Exercise data:
☆ ☆ ☆ ☆ ☆ ☆ ☆
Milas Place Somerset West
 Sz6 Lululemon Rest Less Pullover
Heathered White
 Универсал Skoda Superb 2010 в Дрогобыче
☆ ☆ ☆ ☆ ☆ ☆ ☆
Task statement: Repeat the whole listing above, word for word.

Result:
Milas Place Somerset West
 Sz6 Lululemon Rest Less Pullover
Heathered White
 Универсал Skoda Superb 2010 в Дрогобыче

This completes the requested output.